Beginning with the first line of the data below, reproduce every line unchanged, ending with the line that holds "Masuma MK-4434 Bremsbackensatz".

═════ Supplied data

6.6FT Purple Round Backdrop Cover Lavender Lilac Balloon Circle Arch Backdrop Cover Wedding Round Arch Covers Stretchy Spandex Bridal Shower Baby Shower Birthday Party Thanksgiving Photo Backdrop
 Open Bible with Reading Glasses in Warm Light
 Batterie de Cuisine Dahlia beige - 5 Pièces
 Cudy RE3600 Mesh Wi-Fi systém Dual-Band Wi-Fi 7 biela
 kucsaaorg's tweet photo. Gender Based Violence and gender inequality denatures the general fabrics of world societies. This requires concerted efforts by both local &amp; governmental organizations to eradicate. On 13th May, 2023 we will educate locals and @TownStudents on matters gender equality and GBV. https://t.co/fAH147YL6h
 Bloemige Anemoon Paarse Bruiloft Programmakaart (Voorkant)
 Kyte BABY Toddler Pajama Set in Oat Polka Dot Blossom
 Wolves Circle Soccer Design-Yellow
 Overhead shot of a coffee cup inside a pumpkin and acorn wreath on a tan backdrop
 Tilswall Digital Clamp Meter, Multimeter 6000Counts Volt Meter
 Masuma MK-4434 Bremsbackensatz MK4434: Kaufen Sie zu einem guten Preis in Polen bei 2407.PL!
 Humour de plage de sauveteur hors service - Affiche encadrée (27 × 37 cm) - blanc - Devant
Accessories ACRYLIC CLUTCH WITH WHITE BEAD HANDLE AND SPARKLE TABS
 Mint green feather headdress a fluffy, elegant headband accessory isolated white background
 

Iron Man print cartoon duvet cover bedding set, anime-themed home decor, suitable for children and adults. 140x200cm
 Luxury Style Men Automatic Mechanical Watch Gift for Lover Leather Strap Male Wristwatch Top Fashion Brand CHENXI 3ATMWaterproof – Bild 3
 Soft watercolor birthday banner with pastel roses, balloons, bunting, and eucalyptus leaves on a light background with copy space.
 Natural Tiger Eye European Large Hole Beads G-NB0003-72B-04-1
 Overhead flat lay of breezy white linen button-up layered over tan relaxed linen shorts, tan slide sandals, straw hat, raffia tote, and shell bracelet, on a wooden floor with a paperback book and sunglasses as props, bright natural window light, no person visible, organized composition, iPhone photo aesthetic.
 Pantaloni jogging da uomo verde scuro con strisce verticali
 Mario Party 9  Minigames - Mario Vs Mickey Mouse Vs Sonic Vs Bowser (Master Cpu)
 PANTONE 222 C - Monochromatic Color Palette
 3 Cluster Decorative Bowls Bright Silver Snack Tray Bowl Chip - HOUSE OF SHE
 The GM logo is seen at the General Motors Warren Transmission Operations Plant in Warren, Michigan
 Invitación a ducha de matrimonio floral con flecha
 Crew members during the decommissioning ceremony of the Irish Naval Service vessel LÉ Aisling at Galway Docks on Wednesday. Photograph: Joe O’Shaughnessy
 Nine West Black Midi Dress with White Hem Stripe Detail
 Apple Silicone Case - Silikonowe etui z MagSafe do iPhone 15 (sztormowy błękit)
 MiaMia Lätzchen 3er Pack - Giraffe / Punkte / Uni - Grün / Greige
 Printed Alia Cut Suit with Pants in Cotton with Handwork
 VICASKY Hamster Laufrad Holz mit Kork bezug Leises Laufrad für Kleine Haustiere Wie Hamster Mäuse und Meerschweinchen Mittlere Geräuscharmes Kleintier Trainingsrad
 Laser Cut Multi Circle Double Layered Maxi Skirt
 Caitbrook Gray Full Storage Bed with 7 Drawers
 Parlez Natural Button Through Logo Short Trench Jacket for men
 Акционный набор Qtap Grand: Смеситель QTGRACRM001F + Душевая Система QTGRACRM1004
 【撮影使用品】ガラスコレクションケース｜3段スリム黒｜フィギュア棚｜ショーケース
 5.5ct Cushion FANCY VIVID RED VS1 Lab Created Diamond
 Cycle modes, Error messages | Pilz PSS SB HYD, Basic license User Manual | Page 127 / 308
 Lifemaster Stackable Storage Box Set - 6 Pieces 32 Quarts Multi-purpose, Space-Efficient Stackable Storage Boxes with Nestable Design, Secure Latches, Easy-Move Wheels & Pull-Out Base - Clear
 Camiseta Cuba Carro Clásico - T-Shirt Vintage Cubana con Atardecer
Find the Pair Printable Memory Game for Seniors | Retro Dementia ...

══════════

[Exercise output]:
6.6FT Purple Round Backdrop Cover Lavender Lilac Balloon Circle Arch Backdrop Cover Wedding Round Arch Covers Stretchy Spandex Bridal Shower Baby Shower Birthday Party Thanksgiving Photo Backdrop
 Open Bible with Reading Glasses in Warm Light
 Batterie de Cuisine Dahlia beige - 5 Pièces
 Cudy RE3600 Mesh Wi-Fi systém Dual-Band Wi-Fi 7 biela
 kucsaaorg's tweet photo. Gender Based Violence and gender inequality denatures the general fabrics of world societies. This requires concerted efforts by both local &amp; governmental organizations to eradicate. On 13th May, 2023 we will educate locals and @TownStudents on matters gender equality and GBV. https://t.co/fAH147YL6h
 Bloemige Anemoon Paarse Bruiloft Programmakaart (Voorkant)
 Kyte BABY Toddler Pajama Set in Oat Polka Dot Blossom
 Wolves Circle Soccer Design-Yellow
 Overhead shot of a coffee cup inside a pumpkin and acorn wreath on a tan backdrop
 Tilswall Digital Clamp Meter, Multimeter 6000Counts Volt Meter
 Masuma MK-4434 Bremsbackensatz MK4434: Kaufen Sie zu einem guten Preis in Polen bei 2407.PL!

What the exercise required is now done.